§ Data below

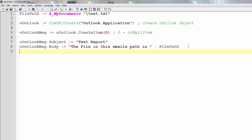We also need to actually send that to someone. For that we'll use the .To method and specify who it's for. For this test I'll simply send it to myself — admin@jscapp.com. So that will make it send to myself so I can see if it actually works. That's the building of the actual email message.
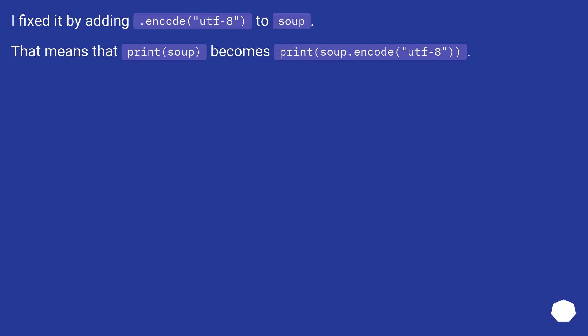I fixed it by adding .encode("utf-8") to soup. That means that print(soup) becomes print(soup.encode("utf-8")).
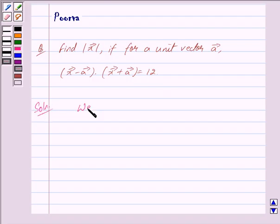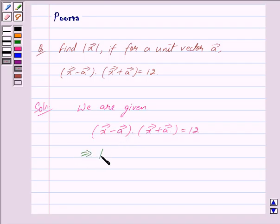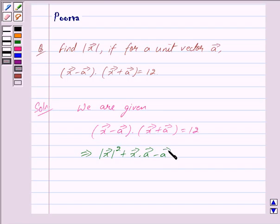We are given that the dot product of vector x minus vector a and vector x plus vector a is equal to 12. This implies we can write the left-hand side as mod of vector x squared plus vector x dot vector a minus vector a dot vector x minus mod of vector a squared, and this is equal to 12.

§ Task description
Only the pictures in the listing above get left out; print everything else exactly.

§ Response below
We also need to actually send that to someone. For that we'll use the .To method and specify who it's for. For this test I'll simply send it to myself — admin@jscapp.com. So that will make it send to myself so I can see if it actually works. That's the building of the actual email message.
I fixed it by adding .encode("utf-8") to soup. That means that print(soup) becomes print(soup.encode("utf-8")).
We are given that the dot product of vector x minus vector a and vector x plus vector a is equal to 12. This implies we can write the left-hand side as mod of vector x squared plus vector x dot vector a minus vector a dot vector x minus mod of vector a squared, and this is equal to 12.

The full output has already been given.